EXERCISE OBJECTIVE: Give back the data below word for word. Any image in it should be left out.

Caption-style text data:
^^^^

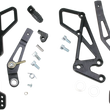 Load image into Gallery viewer, VORTEX V2 Rearset - Black - RS553K fits GSXR6 / GSXR7 - Main Product View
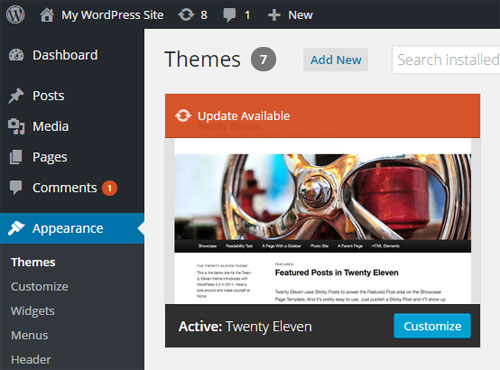 WordPress Theme Management: How To Upgrade Themes In WordPress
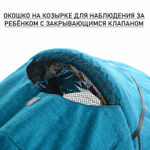 Санки - коляска Galaxy Glory (Бирюзовый) арт. GGСД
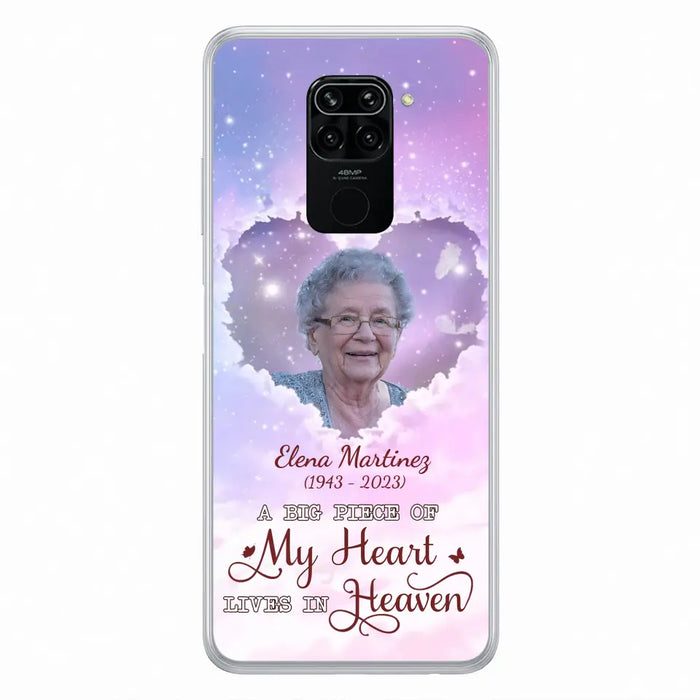 Custom Personalized Memorial Photo Phone Case - Upload Photo - Memorial Gift Idea For Family Member - Case For Xiaomi/Oppo/Huawei - A Big Piece Of My Heart Lives In Heaven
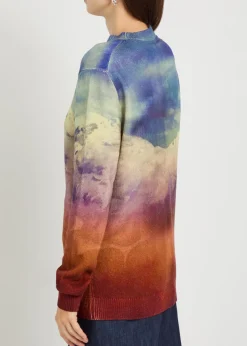 Sael printed cashmere-blend jumper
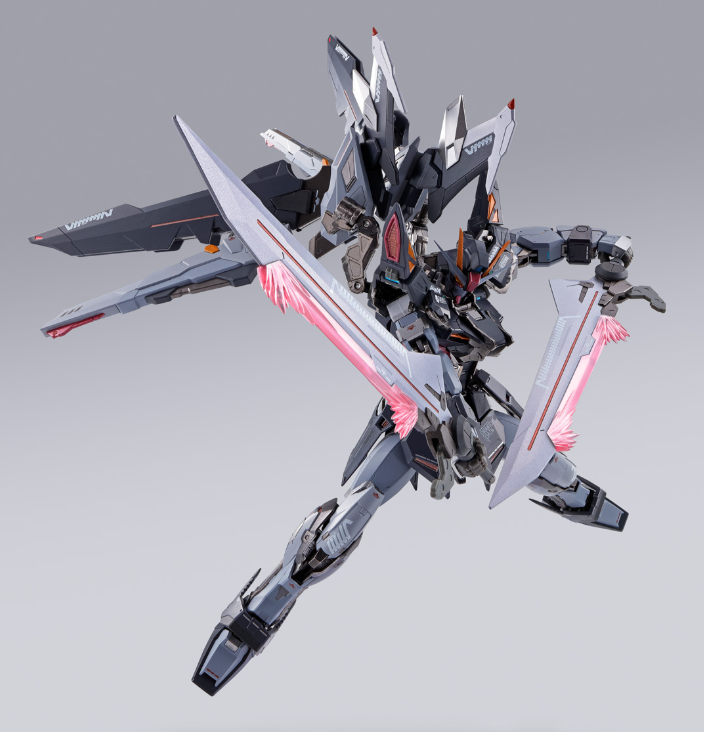 metalbuild系列漆黑强袭高达官图公开帅到没朋友的黑猫猫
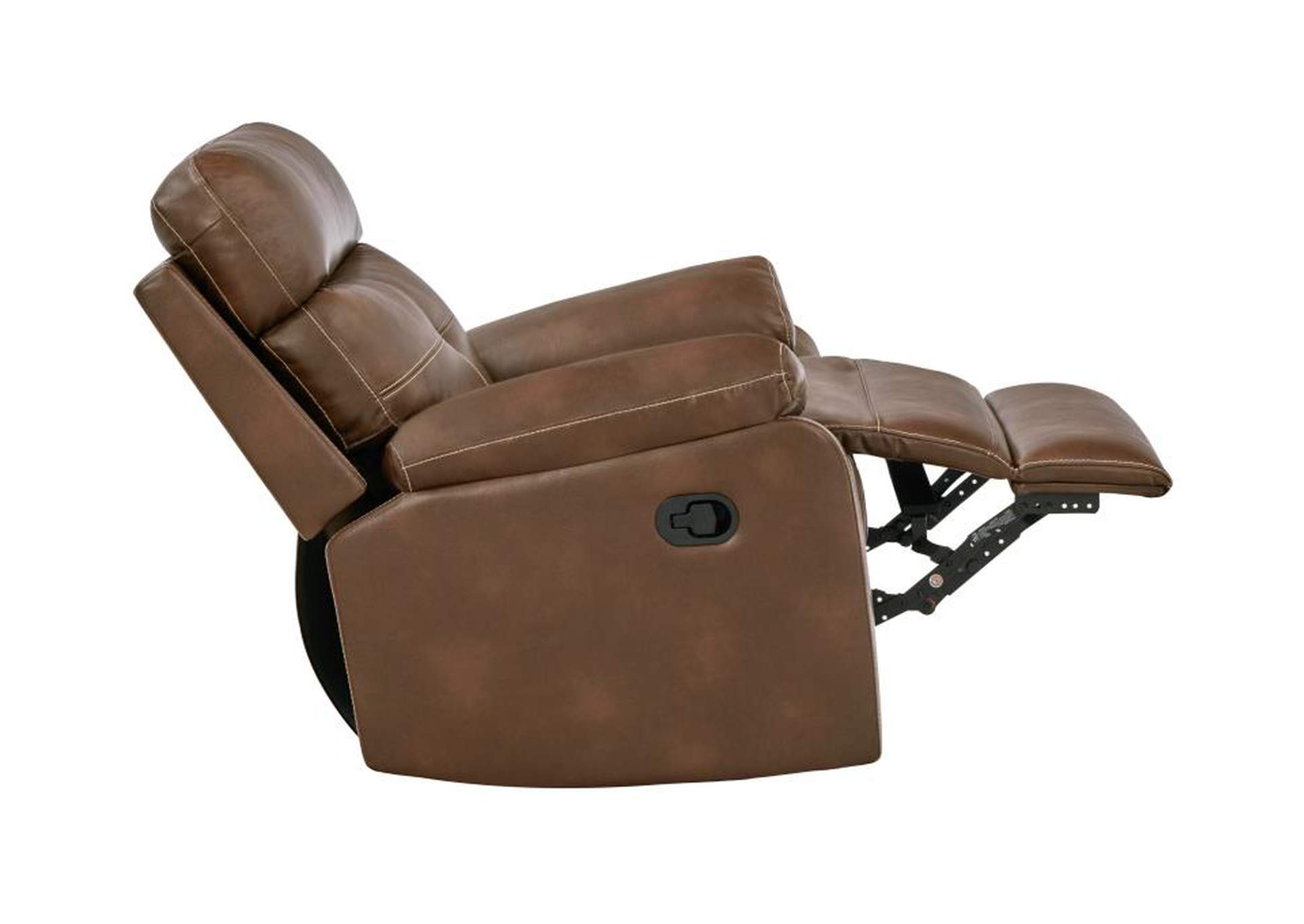 Damiano Upholstered Glider Recliner Tri-tone Brown,Coaster Furniture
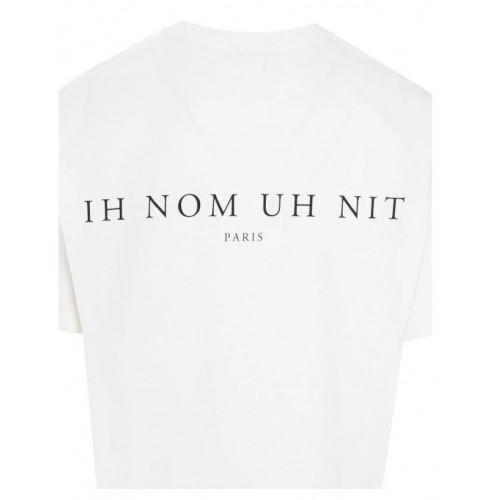 TRICOU IH NOM UH NIT, Orange Mask On print, Regular Fit, Alb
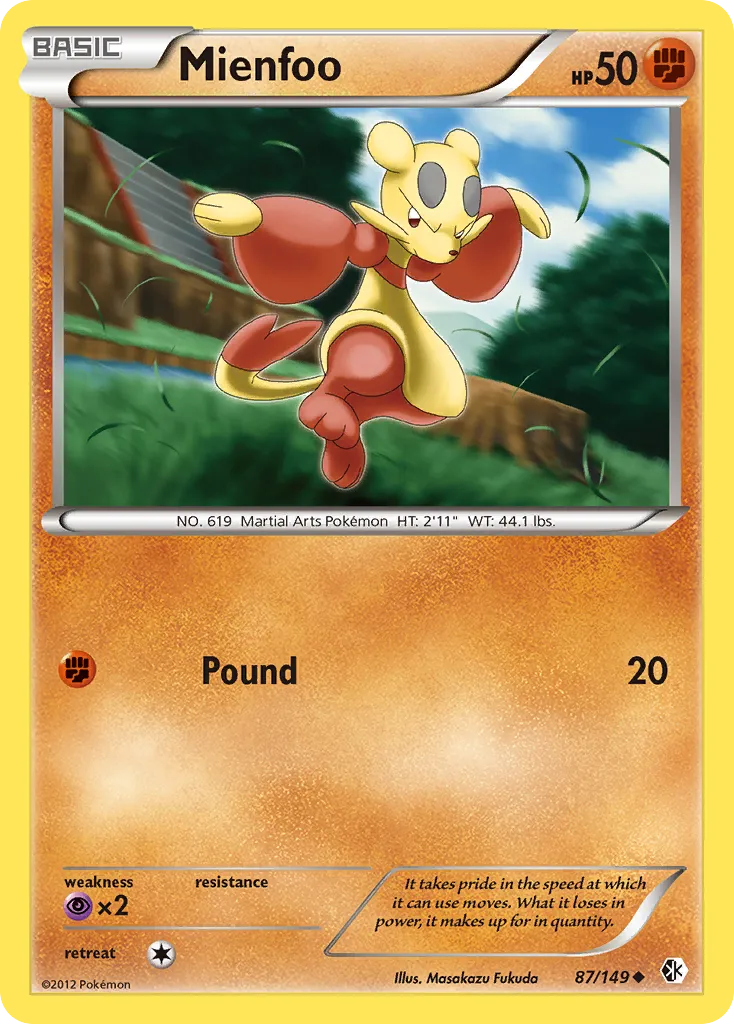 2012 Boundaries Crossed Mienfoo #087/149 Uncommon card image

^^^^

PROBLEM SOLUTION:
 Load image into Gallery viewer, VORTEX V2 Rearset - Black - RS553K fits GSXR6 / GSXR7 - Main Product View
 WordPress Theme Management: How To Upgrade Themes In WordPress
 Санки - коляска Galaxy Glory (Бирюзовый) арт. GGСД
 Custom Personalized Memorial Photo Phone Case - Upload Photo - Memorial Gift Idea For Family Member - Case For Xiaomi/Oppo/Huawei - A Big Piece Of My Heart Lives In Heaven
 Sael printed cashmere-blend jumper
 metalbuild系列漆黑强袭高达官图公开帅到没朋友的黑猫猫
 Damiano Upholstered Glider Recliner Tri-tone Brown,Coaster Furniture
 TRICOU IH NOM UH NIT, Orange Mask On print, Regular Fit, Alb
 2012 Boundaries Crossed Mienfoo #087/149 Uncommon card image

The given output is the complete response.